Inflation expectations will impact consumer spending: Bank of Canada report

Many Canadians plan to cut spending amid expectations of a further rise in inflation, according to a new Bank of Canada (BoC) report.

The country’s national bank conducted a survey of consumer expectations between April 28 and May 13. Follow-up telephone interviews were conducted by the market research firm Nielsen from June 3 to June 10. 

The survey found consumers’ expectations for inflation have risen, alongside concerns about prices for food, gas and rent. Short-term expectations are at record-high levels. Long-term inflation expectations increased significantly in the second quarter of 2022, returning to the levels they were at before the COVID‑19 pandemic.

Most people believe the Bank of Canada can achieve its inflation target. However, some think the process of bringing inflation down will be difficult.

Expectations for higher inflation and rising interest rates are affecting consumer confidence, BoC said. In response to such factors, Canadians plan to cut spending.
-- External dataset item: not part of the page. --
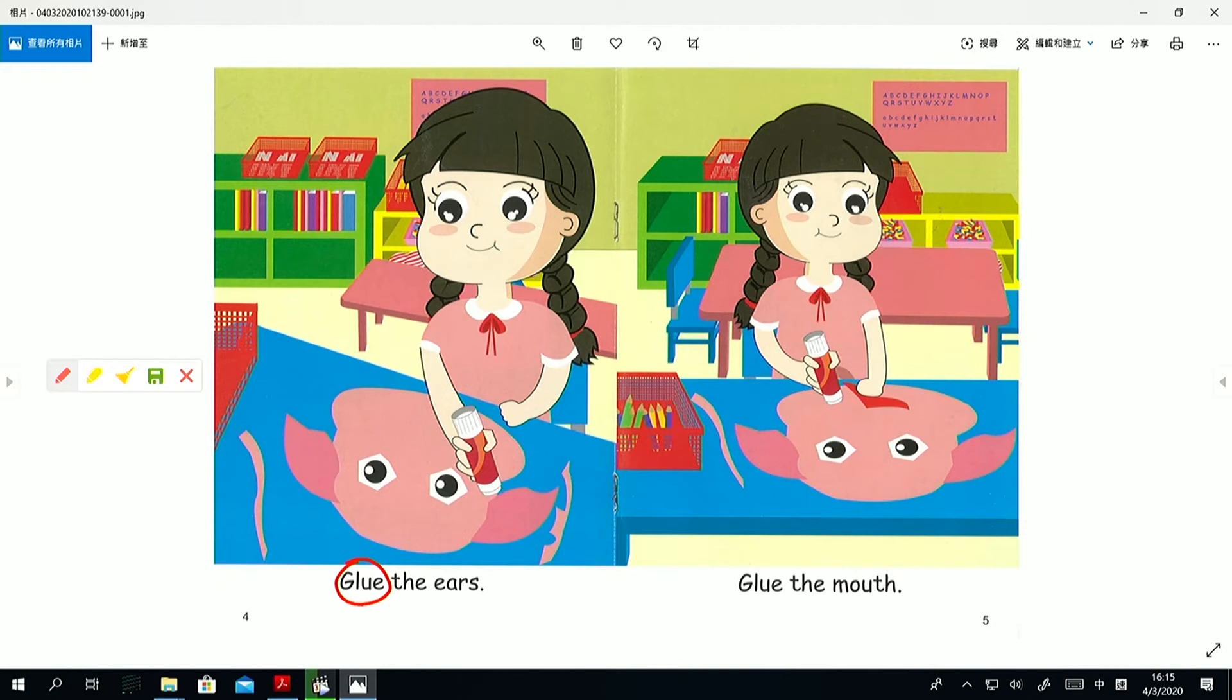What's the action? Can you point to the action? Take your finger and point. Point. Yes. Point. Glue. Glue the mouth. Well done.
They are seeking out more-affordable options when shopping.

Consumers’ confidence is influenced by their views about different aspects of economic life, ranging from expectations about the economy in general to their own labour situation and earnings, household finance and credit conditions, the online report noted.
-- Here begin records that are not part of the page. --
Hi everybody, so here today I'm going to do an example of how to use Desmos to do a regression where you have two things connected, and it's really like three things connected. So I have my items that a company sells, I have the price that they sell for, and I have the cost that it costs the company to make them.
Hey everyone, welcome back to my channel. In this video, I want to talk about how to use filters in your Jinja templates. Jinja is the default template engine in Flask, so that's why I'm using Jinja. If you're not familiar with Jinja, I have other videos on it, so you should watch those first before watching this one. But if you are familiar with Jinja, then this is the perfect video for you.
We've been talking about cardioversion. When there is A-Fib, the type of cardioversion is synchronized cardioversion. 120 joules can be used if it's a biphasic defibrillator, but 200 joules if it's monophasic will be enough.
Lower-income Canadians and older individuals are more concerned about grocery prices and rent than younger respondents and households with higher incomes are. Younger people are more likely to be concerned about house prices than other groups because they may be considering buying their first house.

People now frequently shop around to find better prices, and they stockpile items that are on sale, the report said. Some consumers mentioned sticking to a strict budget for groceries by buying more generic products or not buying items deemed less necessary. Some are relying more on gardening for food or using cheaper forms of commuting, like biking.

Consumers also reported that interest rate hikes would directly affect their spending. When asked what actions people would take in response to an increase of 1 percentage point, most consumers who indicated they would take action said they would cut spending, increase their savings, postpone major purchases and pay down debt.

Few consumers expect to make major purchases—such as a house, condo or furniture — earlier.

People anticipate that wage gains will remain modest. However, workers in the private sector have higher expectations for wage growth than those in the public sector.